A similar observation holds for H2. Out of the 3657 genes expressed in H2 with a high-confidence ortholog in zebrafish that is also expressed in ZF, 151 are in the top 10% in the two organisms (p < 10− 25). This significance of occurrence does not just hold for the top-left cell in the quantile mapping but for the top-left region, as well. For example, if we focus on the top-left 3 × 3 corner of the quantile mapping results, i.e., high-confidence orthologous genes that are expressed in the top 30% in both of the organisms, we see 425 genes mapped for H1 (p < 10− 12) and 668 genes mapped for H2 (p < 10− 14). On the other hand, out of the genes that are expressed in the human oocyte and have a high-confidence ortholog in zebrafish (2812 for H1 and 4524 for H2; Fig. 3a, b), only about one-fifth are not expressed in the zebrafish oocyte (575 for H1 and 997 for H2; Fig. 3a, b). The genes that are expressed in the human oocyte and have a high-confidence ortholog in zebrafish comprise the total number of “unique” human genes in the quantile mapping that span Rows 1–10 and Columns 1–11. Among these, the unique human genes in Column 11 are the ones not expressed in zebrafish (Fig. 3a, b Supplementary file 2).

Highly concordant orthologous genes

The 425 and 668 genes that are high-confidence orthologs between the two organisms and appeared in the top 30% of the expression bracket for ZF as well as for H1 and H2 datasets, respectively, showed ~ 93% overlap, or 397 genes (Fig. 3d, Supplementary file 3). Based on the average TPM of the 9 samples, in Table 1 we show the top 25 of the 397 genes that we call “highly concordant orthologous genes.” In this table, we show only the top representative of a gene group, e.g., “mitochondrially encoded cytochrome c oxidase,” or “ribosomal protein.”

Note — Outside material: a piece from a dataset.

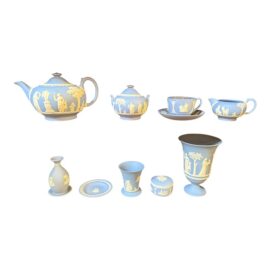 Wedgwood Blue + White Jasperware Mayflower, Set of Nine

Table 1 Top 25 genes that are orthologous between human and zebrafish and expressed in the top 30% of all three data sets. Average TPM was calculated using all nine samples. For a gene family, e.g., “ribosomal proteins,” only the top representative is listed. The complete list of genes can be found in Supplementary file 3

In order to assess the similarity between the three datasets, we performed hierarchical clustering and principal components analysis (PCA) for the 9 samples using the 397 highly concordant orthologous genes. The results depicted in Fig. 4 show that the two human datasets are more similar to each other than they are to the zebrafish dataset. However, this similarity is not significantly different as the height of the hierarchical clustering branching between the two human datasets is almost as large as the branching between the human and zebrafish datasets. This is also evident in the PCA plot as the three datasets are almost equidistant from each other. Our ANOSIM analysis did not report significant difference between the pairs of datasets (R ~ 0.8, p < 0.1) while three-way comparison remained significant (R = 0.93, p < 0.005). A similar result was observed in the adonis analysis (pairwise R2 ~ 0.71, p < 0.1; three-way R2 = 0.87, p < 0.005). Although from a different organism, the distance between the zebrafish dataset and the two human datasets was not significantly different than the distance between the two human datasets. These results suggest that based on the highly concordant orthologous genes, zebrafish and human oocytes exhibit transcriptomic similarity as the expected organismal differences are not pronounced.

Fig. 4
figure 4

Sample similarity between the oocytes: (a) Hierarchical clustering and (b) principal components analysis (PCA) of the 9 samples using the 397 highly concordant orthologous genes. In (b), the percent variation explained by each PC is shown in parentheses

Functional analysis of the orthologous genes

We used Ingenuity® Pathway Analysis (IPA) (Ingenuity Systems, Redwood City, CA) to analyze the 397 highly concordant orthologous genes and investigated canonical pathways, downstream effects (functions), upstream regulators, regulator effects, and interaction networks. The complete IPA results are cataloged in the supplementary data (Supplementary file 3). In Fig. 5, we present the top members in each category along with associated functions, which is a summary generated by IPA consolidating the detailed categories with the highest significance presented in Supplementary file 3. In the supplementary data, we present the EIF2 signaling pathway, upstream regulator results for MYCN and HNF4A, along with their target molecules, and one gene interaction network highlighting genes involved in embryonic development (Supplementary Figures 1, 2, 3 and 4).

Fig. 5
figure 5

Summary of IPA results based on the 397 highly concordant orthologous genes. a, b Top Biofunctions and the most significantly enriched Canonical Pathways identified by IPA. Bars represent the number of genes in the functional category or the canonical pathway (primary y-axis) and the orange line represents the significance of the category or the pathway in -Log(p-value) (secondary y-axis). c Upstream regulators that target a significant portion of the genes in the input list. The inferred activation states of the regulators based on the observed expression of their targets are noted (e.g. an increased expression in targets that are induced by a regulator may imply an “activated” state for the regulator). N/A implies an inconclusive activation state of the regulator. d Number of genes and emerging biological functions in the deduced interaction networks that involve input genes. e Sets of regulators with a combined target gene set that show concordant enrichment in biological functions. Bars represent the total number of genes targeted by each set of regulators. On each bar, the biological functions that are significantly enriched by the target genes are noted

We also analyzed the 397 highly concordant orthologous genes using the EpiFactors database [14] to infer their roles in epigenetic regulation. In Table 2, we list the 36 genes that have been identified in EpiFactors as having an epigenetic function. In the supplementary data (Supplementary file 3), we list the detailed results of the EpiFactors analysis.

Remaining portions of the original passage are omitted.